可以容纳两个size_t乘积的类型

Question

I have two size_t integers and need to take their product. In what type should I store the result?

#include <limits>
#include <vector>
#include <iostream>

int main() {
    typedef std::size_t size_t;
    typedef unsigned long long product_t;

    std::vector<double> a(100000);
    std::vector<double> b(100000);

    size_t na {a.size()};
    size_t nb {b.size()};

    product_t prod = na * nb;

    std::cout << prod << std::endl;
}

It looks like gcc defines size_t as an unsigned long long so I am not guaranteed I will be able to store the product... any alternatives?

Edit:

The point here is that I am developing a library that needs to handle vectors of an arbitrary size, compute some statistic on it

double stat = computeStatisticOnVectors(a, b);

and then compute the following:

double result = stat / prod

Answer 1

Have you considered not restricting yourself to a primitive type? If it's important to your application that such huge size_type values are handled, why not create a custom type which holds both original values?

Answer 2

It really depends on what you are trying to achieve with your code.

If you are later on going to use the value as a size_t (in other words, for sizing a vector, allocating memory, or some such), then you probably should do some checks that it's not overflowing, but store the value as a size_t . You won't be able to use a bigger type anyway, if the purpose is to create a new object based on the size.

If you are doing something like "calculating the number of possible combinations from these X vectors", then using a floating point type will probably be "good enough".

Answer 3

Up until 128 bits, and assuming you don't need much portability, you may just use built-in types such as uint128_t (supported at least by gcc and clang on x86_64 platforms).

If you wish for more portability than this, then 128-bits integers are not standard, so you will need to:

1. Define your own, a pair of 64-bits integer with overload operators would work
2. Use an existing library, such as GMP (LGPL though, but much more generic)
3. From Marc Glisse: Boost.Multiprecision (without the license issue)

Of course, if you could simply eliminate this requirement it would be easier; this product you are computing does not seem to mean much in itself, so just doing stat / na / nb might well be enough.

Answer 4

In your example you're multiplying 100000 and 100000 (rather untypically large values for sizes), where apparently you would want to obtain 10^10 exactly as a result.

As a rough calculation based on 2^10 ~= 10^3, divide the 10's exponent by 3 and multiply by 10 to get the number of bits. Now 10*10/3 is roughly 33, which means you need more than 32 bits, which means 64 bits. Thus, use a 64-bit type.

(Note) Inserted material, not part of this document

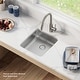 preview thumbnail 23 of 87, KRAUS Dex Stainless Steel Single Bowl Undermount Kitchen Bar Sink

In addition to being 64-bit the type should be signed, because it's a good idea to use signed types for numbers (otherwise, due to implicit conversions you risk inadvertently using modular arithmetic, with hard to track down bugs). So, the built-in type that you're looking for is – signed 64-bit integer – oh, that's long long .

Or you can use one of the type aliases from <stdint.h> .

That said, why on Earth are you multiplying large sizes, and why do you need the result as an exact integer?

Answer 5

Your statistics will be computed on vectors, which size will not exceed size_t capacity. I think it's enough to detect overflow in your case. I can think of a double conversion of each size, then compare the two products (size_t based product vs double product)